Con el paso del tiempo, organizaciones y prensa local volvieron a sacar su cartel. Algunos resúmenes periodísticos subrayaron el contexto más habitual en desapariciones de menores: las sustracciones parentales como uno de los vectores de riesgo, junto a las fugas en tutela. Era una explicación general —no una atribución penal confirmada en su caso—, pero servía para enmarcar por qué tantos expedientes infantiles se enquistan.
La ficha de SOS Desaparecidos mantuvo los datos esenciales: nombre completo, fecha y municipio, referencia 21-04167, y la proyección de edad con el paso de los años. Cada reimpulso pedía lo mismo: si la has visto, llama; cualquier pequeño detalle puede abrir una puerta.
No hubo confirmación pública de trayectos, dispositivos geolocalizados o cámaras que fijaran un rumbo. El caso permanece en la categoría más desoladora: “menor desaparecido” sin cierre. En España, la mitad de los casos activos corresponden a menores; entender esa cifra ayuda a comprender por qué cada pista cuenta.

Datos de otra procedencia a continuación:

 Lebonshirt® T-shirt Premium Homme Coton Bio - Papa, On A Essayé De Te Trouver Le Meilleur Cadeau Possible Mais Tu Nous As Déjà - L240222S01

En paralelo, entidades locales y cuentas vecinales replicaron su foto con nuevas proyecciones (“hoy tendría 6/7 años”), un intento de vencer al tiempo: el rostro de un bebé cambia deprisa, y con él la posibilidad de reconocimiento. La estrategia: difundir periódicamente, ampliar círculos, no dejar que el algoritmo la olvide.
No hay resoluciones judiciales públicas, ni comunicados que den por hallada a Anna. Lo que sí hay es un hilo que no se corta: el de su nombre en listados oficiales y en carteles que siguen descargándose en PDF, listos para una impresora, para un escaparate, para un mostrador. Persistir también es una forma de búsqueda.
Este no es un relato con culpables ni cronograma definitivo; es el retrato de una ausencia, sostenido por tres datos verificables —quién, dónde, cuándo— y una petición abierta: cualquier información, por mínima que parezca, debe comunicarse a los canales oficiales. En casos infantiles, los minutos pesan el doble.
Tenía un año. No podía explicar su nombre, ni su dirección. Por eso hoy lo hacemos nosotros: Anna Vicente Frankowska, desaparecida en Vilamarxant (Valencia) el 28/10/2019. Si sabes algo, dilo.